• Exercise description: Reproduce, exactly and only, the lines of the data that follows from the one containing "People wear masks" down to the one containing "Quarterback Justin Fields", without pictures.

[Records provided]

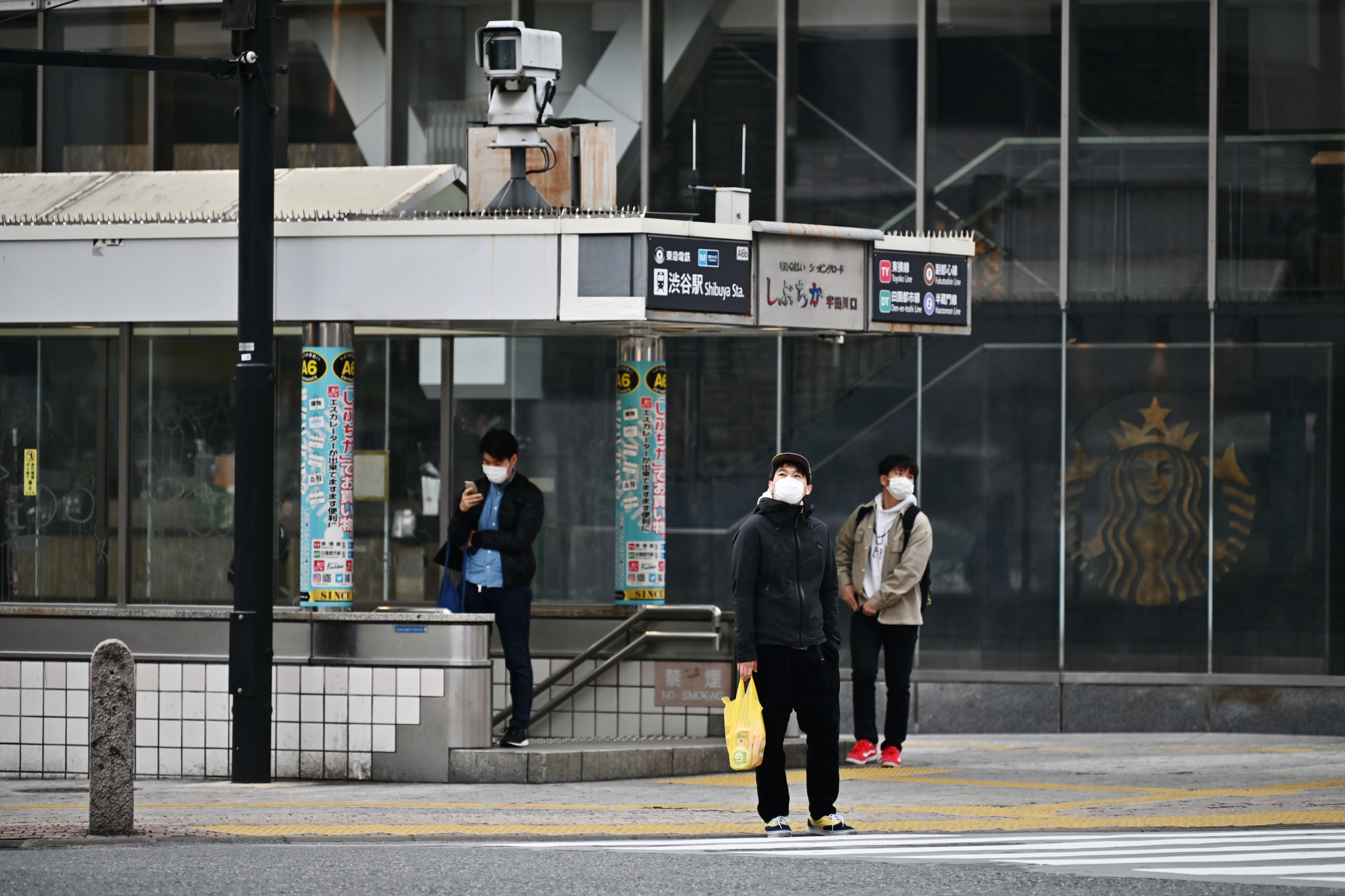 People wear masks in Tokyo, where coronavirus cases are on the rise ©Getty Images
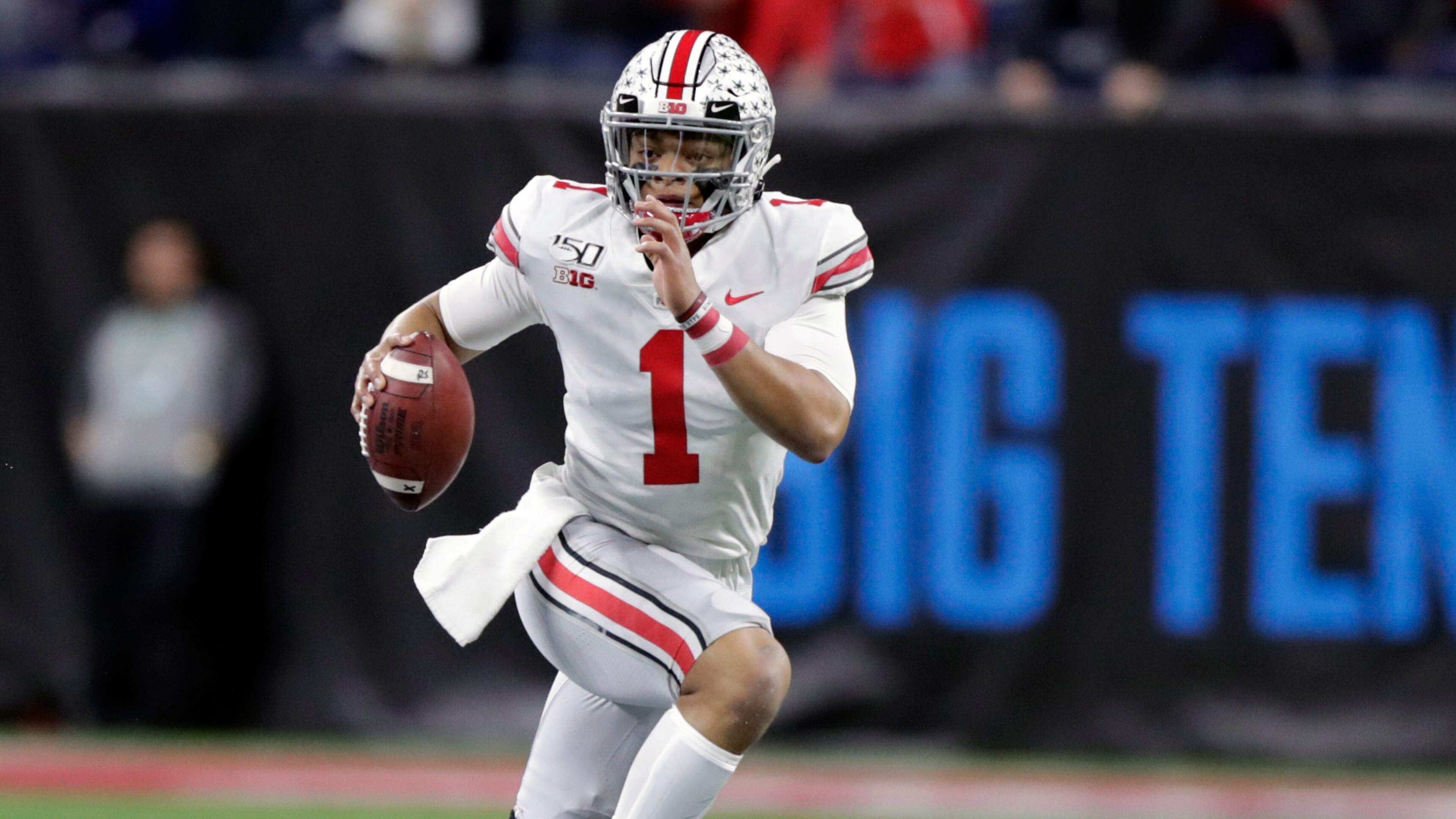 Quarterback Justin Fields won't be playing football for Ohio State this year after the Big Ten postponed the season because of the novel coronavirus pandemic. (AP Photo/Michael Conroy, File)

[/Records provided]
[Records provided]

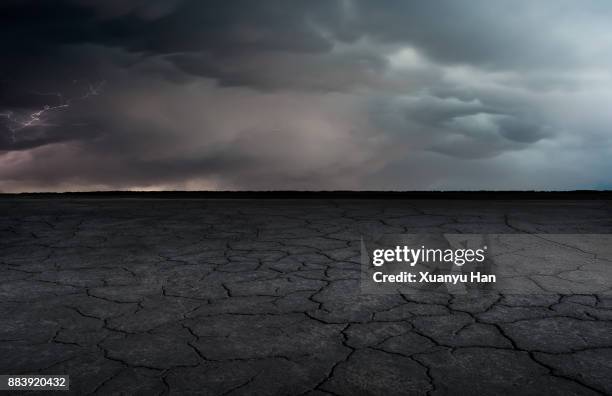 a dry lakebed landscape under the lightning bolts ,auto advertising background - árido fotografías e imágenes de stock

[/Records provided]

• Exercise output:
 People wear masks in Tokyo, where coronavirus cases are on the rise ©Getty Images
 Quarterback Justin Fields won't be playing football for Ohio State this year after the Big Ten postponed the season because of the novel coronavirus pandemic. (AP Photo/Michael Conroy, File)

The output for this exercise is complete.